神機制敵太白陰經巻九遁甲
今の所、奇門遁甲の文献で刊本とはいえ最古のものが、唐代の李筌によって書かれた『神機制敵太白陰經』の『巻九遁甲』ということになる。これを玄珠さんが見つけるまでは、私の周辺では『煙波釣叟賦』が最古ということになっていたのだけれども、『煙波釣叟賦』が書かれたのが宋の始めなので100年くらいは遡ったことになる。また『煙波釣叟賦』は名前の通り詩の一種である賦なので解釈の余地があるといえばあるけれども、『神機制敵太白陰經(以下、太白陰経)』は散文で書かれているので解釈の余地はあまり無い。

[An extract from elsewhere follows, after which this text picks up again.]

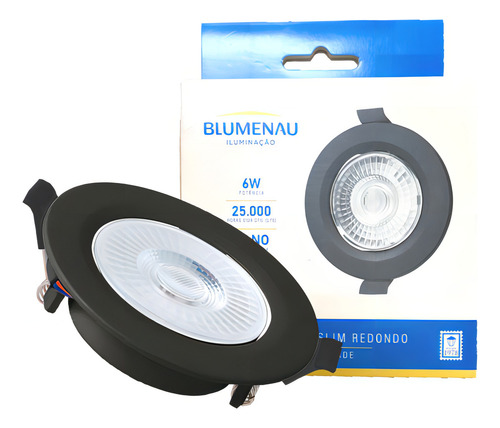 10 Spot Slim Emb. Red. Led Cob 6w 6500k Pt 80166001 Blumenau Cor Preto Branco Frio 6500K 127/220V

この太白陰経の『巻九遁甲』と『巻十雑占』は四庫全書の太白陰経には採録されていない。そこで『巻九遁甲』と『巻十雑占』は、後世の偽作という説が無いわけじゃない*1けれども、私は表記の特徴から李筌が書いた当初から『巻九遁甲』と『巻十雑占』があったと考えている。太白陰経『巻九遁甲』の表記にはこんな特徴がある。
- 月将の名として『徴明』が使われていて、宗の仁宗に関わる避諱が行われていない。
- 一方、『巻十雑占』の玄女式*2では『登明』となっていて避諱が行われていなる。
- 時刻の表記において「〇日の夜半、干支では△子」と、十二時辰を表記した上で、時刻の干支を表記している。
- この十二時辰の採用は、太白陰経の他の巻でも共通している。
1に関しては、まず太白陰経の著者である李筌は宗の仁宗はまだ生まれていない時代の人だったので、李筌による執筆時点では全て『徴明』の表記だったはずだ。それを後世の校訂者が仁宗に関わる避諱を行って登明に改めたけれども、それは玄女式の部分に留まって、巻九遁甲では見過ごされたということだろう。
2に関しては、十二時辰の方が干支による時刻の表記よりも古く李筌はそれを意識して執筆したか、執筆時点で干支による時刻表記はまだ一般的ではなかったのどちらかだろう。
ということで『神機制敵太白陰經巻九遁甲』が奇門遁甲の最古の文献であると考えている。